I am glad if the letters have, as you
say, helped you through the worst of the siege; they surely
have helped me. But now--our ways part. Sometime I may give
you a hail from somewhere--when I am lonely and longing to
know how you get on. And sometime I may be back at my old
home. But wherever I am I shall never forget you, Jordan King,
for you have put something into my life which was not there
before and I am the better for it. As for you--your life will
not be one whit the less big and efficient for this trying
experience; it will be bigger, I think, and finer. I am glad,
glad I have known you.
ANNE LINTON.
For the hundredth time King felt his heart sink as he thought of that
prevented last interview. His mother had prevented it. It was perfectly
true that he was out, and away from home--out in a wheeled chair, which
had been pushed by Franz through a gap in the hedge between the Kings'
lawn and the Wentworths' next door.
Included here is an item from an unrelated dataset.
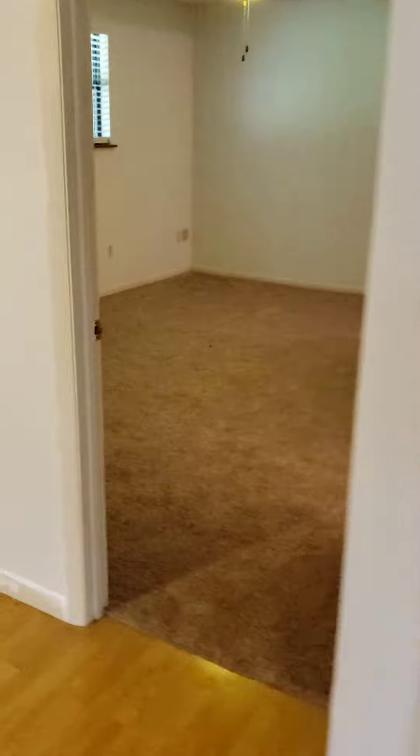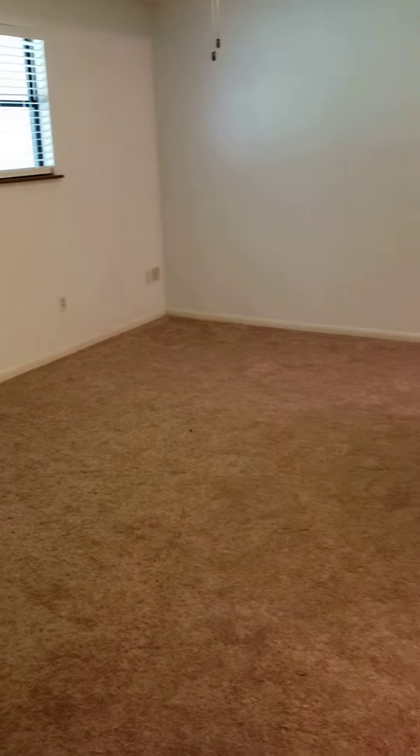Closet. And then we have a nice master bedroom, approximately 12 by 15, with a large walk-in closet.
Just on the other side of that hedge
the chair had paused, where Sally Wentworth, his friend of long
standing, was serving tea to a little group of young people, all
intimates and all delighted to have the invalid once more in their
midst. Under the group of great copper beeches which made of that corner
of the Wentworth lawn a summer drawing room, King had sat in his chair
drinking tea and listening to gay chatter--and wondering why he had not
been able to get Anne Linton on the telephone so far that day.